2) If $g(x,y)= 1-2\gamma$ then $y=x\pm\sqrt{D}$, where $$D=2x^2-2x+1-2\gamma=2\left(x-\tfrac 12\right)^2+\tfrac 34-2\gamma\ge\tfrac 14.$$ Fix $x$ and look for the constrained $y$ maximizing $f$. 
Let’s check when we can take the plus sign in the formula for $y$. This is allowed iff $2x+\sqrt{D}\le 1$, that is when $x\le\tfrac 12$ and $2x^2-2x+\gamma\ge 0$, that is if $x\le x_1=\tfrac{1-\sqrt{1-2\gamma}}2$. Since $\frac{\partial D}{\partial x}>0$ when $x<\tfrac 12$, $y$ increases when $x$ increases from $x$ to $x_1$. So in this case the maximum of $f$ is attained when $x=x_1$. Then $y=1-x_1$ and this is Case 1.
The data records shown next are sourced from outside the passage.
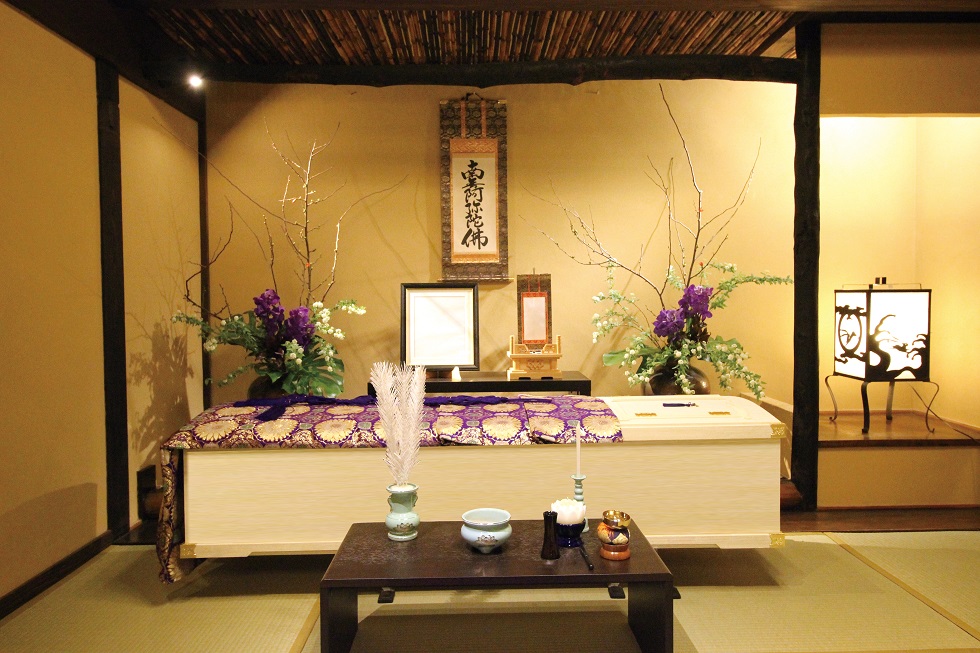 家族葬会館 五合庵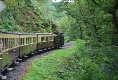 Auf dem Weg zurück nach Aberystwyth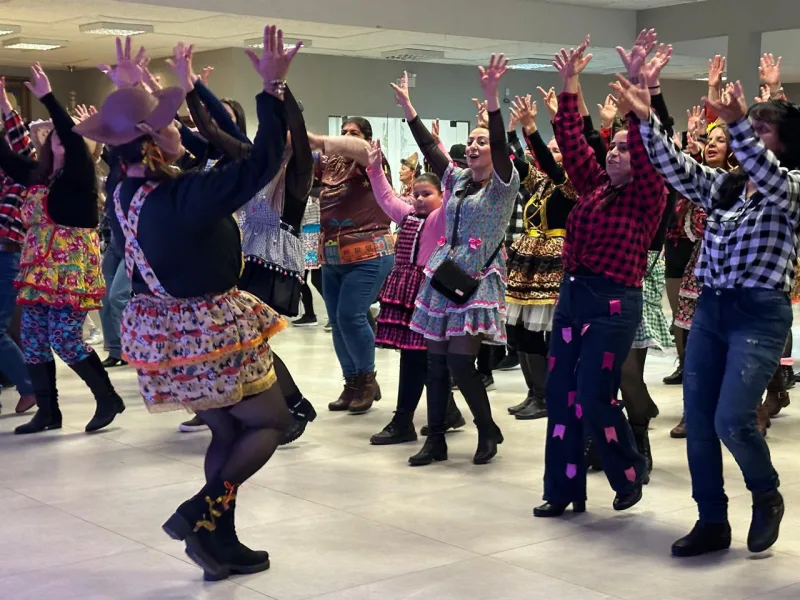 Projeto Içara Entre Elas comemora sucesso de mais uma Festa Julina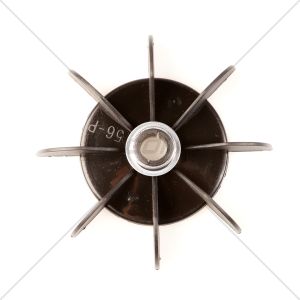 FAN FOR ELECTRIC MOTORS OUTSIDE DIAMETER=98MM  PUNCTURE=11MM  HEIGHT=14MM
If $x>x_1$ then we have  $y=x-\sqrt{D}$. The constraint $x+y\le 1$ becomes $x\le\tfrac 12$ or $2x^2-2x+\gamma\le 0$, that is 
$x_1<x\le  \tfrac{1+\sqrt{1-2\gamma}}2=x_2$. We have 
$$f(x,y,z)=\log 2+x\log\frac 32+(x-\sqrt{D})\log 2=h(x).$$ 
Then $h’(x)=\log 2+\log\tfrac 32-\tfrac{2x-1}{\sqrt{D}}\log 2$. We claim that $h’(x)>0$. This is clear when $x\le\tfrac 12$. If $x\ge\tfrac 12$ then we have to show that $(1+c)\sqrt{D}>2x-1$, where $c=\frac{\log\tfrac 32}{\log 2}$. Let’s do this.
$(1+c) \sqrt{D}>2x-1$
$(1+c)^2(2x^2-2x+1-2\gamma)>4x^2-4x+1$
Since $(1+c)^2>2.5$, it suffices to show that 
$2.5(2x^2-2x+1-2\gamma)\ge 4x^2-4x+1$
$x^2-x+1.5-5\gamma\ge 0$ 
$\left(x-\frac 12\right)^2+1.25-5\gamma\ge 0$, which is true because $\gamma\le 0.25$.
Thus $h$ increases when $x$ increases so a maximum of $f$ is attained when $x=x_2$. Then $y=1-x_2$ and this is Case 1 again.
A: Note that $$f(x,y,z)=\log2+(x+y+z)\log\frac52-(x+y)\log\frac53+y\log\frac43$$ which is maximised when $z=0$ since the negative term $-(x+y)\ge z-1$ will be minimised and at the same time $y\le1-x-z$ will be maximised. Then it is just a case of maximising $$f(x,y,0)=\log2+x\log\frac32+y\log2$$ subject to $4/5\le x+y\le1$ and $xy\ge\gamma$, or just $\gamma/y\le x\le1-y$. Solving the quadratic yields $$a:=\frac{1-\sqrt{1-4\gamma}}2\le x,y\le\frac{1+\sqrt{1-4\gamma}}2:=b$$ and $f$ will be maximised at the endpoints of $x,y$. Recalling that $x+y\le1$, the only possibilities are $(x,y)=(a,b)$ and $(b,a)$. As $\log2>\log3/2$, the maximum occurs when $y$ takes the positive root, so \begin{align}\max f(x,y,z)=f(a,b,0)&=\log2+\frac12\log\frac32-\frac{\sqrt{1-4\gamma}}2\log\frac32+\frac12\log2+\frac{\sqrt{1-4\gamma}}2\log2\\&=\frac12\log12+\frac{\sqrt{1-4\gamma}}2\log\frac43\end{align} whose overall maximum is $0.1\log331776$ at $\gamma=0.24$.